What could lead RNG diverge in two processes?

I was debugging a parallel implementation and found out that the BaseRNG diverged in two processes that are initiated with a same seed, as shown below the random number generated in base_nutstransition() function call

[0] Iteration:  11 / 210 [  5%]  (Sampling)
[1] Iteration:  11 / 210 [  5%]  (Sampling)
[0] this->rand_uniform_: 0.331977
[1] this->rand_uniform_: 0.331977
[0] this->rand_uniform_: 0.825977
[1] this->rand_uniform_: 0.825977
[0] this->rand_uniform_: 0.539221
[1] this->rand_uniform_: 0.539221
[0] this->rand_uniform_: 0.862824
[1] this->rand_uniform_: 0.115614
[0] this->rand_uniform_: 0.237655
[1] this->rand_uniform_: 0.977498
[0] this->rand_uniform_: 0.0929974
[1] this->rand_uniform_: 0.302045

[0] indicates process 1 and [1] indicates process 2, between which there are some point-to-point communications. The only possibility I can come up with is that one of the two made an RNG call without the other doing the same. Could there be any other cause?

Did you figure this out?

No, there shouldn’t be a reason for this to drift… but, are you running on the same architecture with the exact same compiler flags?

The two processes are on different cores of a same machine. The only reason I can think of is that the rng are not called consistently. I’m running a debug build to see if I’ve missed anything.

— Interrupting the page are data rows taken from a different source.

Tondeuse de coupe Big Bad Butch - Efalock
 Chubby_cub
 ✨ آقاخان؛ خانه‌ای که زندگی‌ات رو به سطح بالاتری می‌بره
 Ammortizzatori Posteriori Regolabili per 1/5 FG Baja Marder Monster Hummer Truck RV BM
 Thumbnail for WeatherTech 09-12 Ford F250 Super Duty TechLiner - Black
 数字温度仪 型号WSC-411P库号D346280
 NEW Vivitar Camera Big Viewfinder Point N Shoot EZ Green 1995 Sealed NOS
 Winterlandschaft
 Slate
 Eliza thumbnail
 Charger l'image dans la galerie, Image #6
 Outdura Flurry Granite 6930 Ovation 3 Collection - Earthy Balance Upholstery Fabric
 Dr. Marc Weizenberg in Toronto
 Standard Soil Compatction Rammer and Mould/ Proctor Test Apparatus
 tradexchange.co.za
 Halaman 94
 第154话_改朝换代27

To be continued.

Debugger found the cause to be that the two processes step into different branch of log_sum_weight_subtree > log_sum_weight check, as they are not keeping their trees in consistency, a bug that I’ve introduced. This further causes uneven calls to rng, hence the diverge.

The root of the issue is filed here as a design flaw.

1 Like

Cool. Thank you for filing that issue. Think you could help with a fix?

Fix is one line, I’ll update the issue later today. I was actually surprised the original issue is still open.

1 Like

Thanks much.

I’m closing this thread and moving to the issue for further discussion if needed.